The term cottage pie is known to have been in use since 1791, when the potato was being introduced as an edible crop affordable for the poor. However, it is so only when beef is used in the dish. The usage of lamb or mutton is known as shepherd’s pie, as, during the earlier times, the left over pieces of meat which the shepherd gathered and minced together made up this delicious pie, hence being termed as Shepherd’s Pie.

This dish is a beautiful meal for two, served with toasted garlic bread and a simple side salad. Perfect to warm up your spirit this new years’ eve! A tried and tested recipe which works even in your sleep!

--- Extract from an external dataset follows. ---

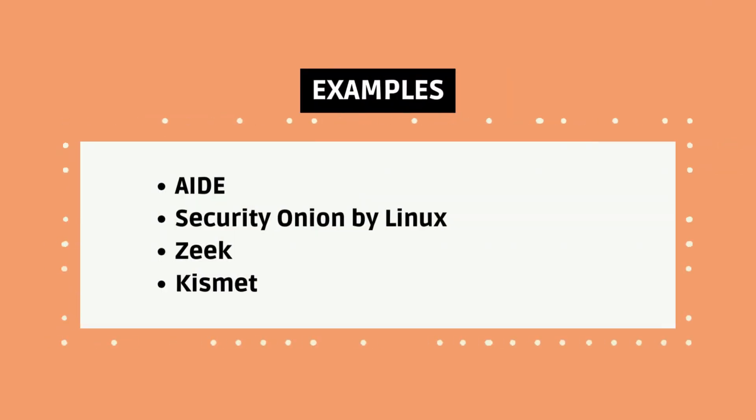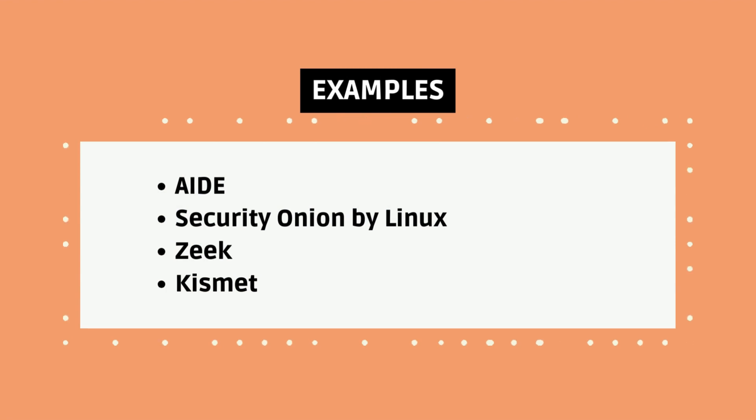Some examples of popular intrusion detection systems are AIDE, Security Onion by Linux, Zeek, and Kismet.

Shepherd’s Pie (Cottage Pie)

shepherds pie


Ingredients: Meat Filling

  • 250gm Lamb/Beef (mince)
  • 1 (150gm)medium sized red onion (finely chopped)
  • 4 large cloves of garlic (finely chopped)
  • 1 (100gm) medium sized carrot (finely chopped)
  • 1 (150gm)large tomato (blended)
  • 1 tbsp Ginger Garlic paste
  • 2 tbsp BBQ sauce
  • 1 tsp worcestershire sauce
  • 1 tsp honey
  • 1 tsp cinnamon powder
  • 1/2 tsp nutmeg powder
  • 1tsp oregano dried
  • Salt
  • Black pepper powder
  • 500 ml beef stock or vegetable stock or water

Ingredients: Mashed Potatoes

  • 2 (500gm) large potatoes
  • ​2 tbsp butter
  • Pinch of Nutmeg Powder
  • 30 ml Milk
  • 100 gm Parmesan Cheese (grated)
  • 1 Egg (egg wash)

Method of Preparation:

  1. In a medium sized pan heat a little vegetable oil and fry off the minced lamb or beef until it is a little brown in colour, or as chefs would say caramelised. Its basically getting the natural sugars within the meat to melt down and create a crust on the outside sealing the moisture inside. While doing this if you notice the meat releasing some of it juices spoon it into a cup and use it later in the dish.
  2. Once browned take it off the heat and onto a plate, set aside.
  3. In the same pan add a tsp of butter and vegetable oil, reason being we don’t want our butter to burn quickly, add the onions and cook slowly till light brown, then add in the garlic and cook further.
  4. Add the carrot and cook for another 2 minutes.
  5. Add the mince back into the pan and stir before add the ginger garlic paste. Cook for another 2 minutes. And add the nut meg and cinnamon and oregano. Stir once again and add the sauces and blended tomato. Let the tomato cook until the mixture is almost dry and finally add the stock and let it simmer until its has become a little thicker but still has some gravy. This should take 10-15 mins on a medium high gas. Season with salt and pepper only once it is thickened to the desired consistency.
  6. Place the potatoes in a pot of room temperature water and bring to a boil. once boiled, peel the potatoes and mash them with the nut meg powder, butter and milk while still hot. Add the grated parmesan cheese and season appropriately.
  7. Once the mince and potato are ready assemble in a baking dish with meat on the bottom and the potato on the top. Give egg wash to the potato top and put into a pre heated oven at 180 degrees for 25 mins or so.
  8. You know its ready when the top is golden brown and its seems like its set.

Hope you enjoy this recipe!

Give it a go and wishing you all a happy new year!